I've just had an interview for Emirates in London, with the job being in Dubai. Just starting to think about "what if I get the job". I need to understand if it will be possible for me and my male partner (we're a gay male couple - been together for 16 years) to come with me.

I understand from having a quick chat with Emirates HR that a man and a woman have to be married to get a residents visa. However, I have also read these forums and know Dubai doesn't recognise gay couple relationships. We've been to Dubai on holiday for a number of years and know what it's like out there. We're very discrete, so I don't think that will be a problem.

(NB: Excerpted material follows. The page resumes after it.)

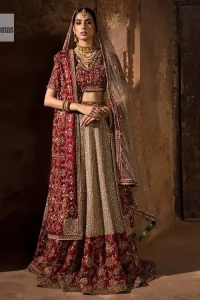 Keep it comfy and attractive with the best DeemasFashion reception wear! A silver flare lehenga encrusted with tilla, dabka, kora, Kundan and pearl work with heavily adorned silver and golden embroidery. The border of the lehenga has a beautiful red border to make it a unique masterpiece. The red blouse with V shape neckline is hand rendered with beautiful embroidery. In addition to this, the following blouse has half sleeves which is a simply stunning wedding dress. The look is completed with a beautiful, red organza dupatta with intricately hand embellished motifs and borders.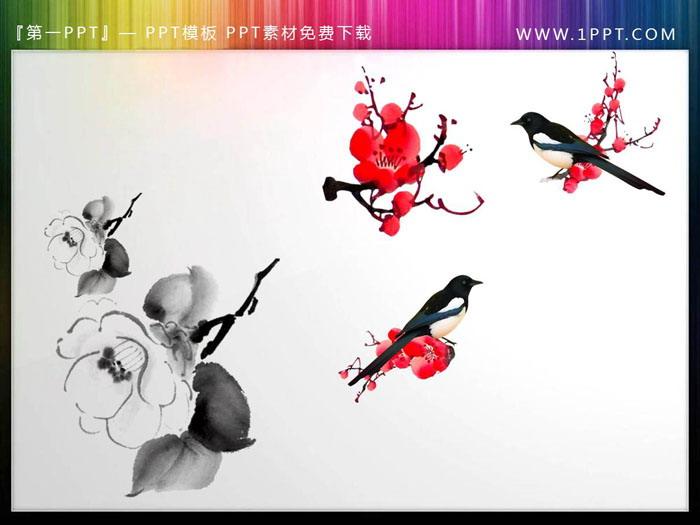 图片[3]-一组免扣花鸟梅花PPT插图素材-第一PPT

It's just the visa issue I'm trying to work out. Even if my partner won't get a residence visa, could he just come and go every 30 days on a visitor's visa (he flys for a living, so that could be a possibility). Failing that, can you still buy apartments in Dubai with residence visas included? I think I saw some apartments where this was offered a while back.

Any advice gratefully received!

Thanks all

Darren


----------



## Elphaba (Jan 24, 2008)

Darren

As you know, being gay is not recognised in Dubai and you would have to be very discrete. Your partner can ccome and go on a visitor visa for a while, but not indefinitely. Visit visas issued in Dubai are for 60 days, in just 30 days in Abu Dhabi. 

I'm afraid there are no guarantees regarding obtaining a resident visa by buying a property either. Some major developers have significant waiting lists and I suspect that will just get harder. 


-


----------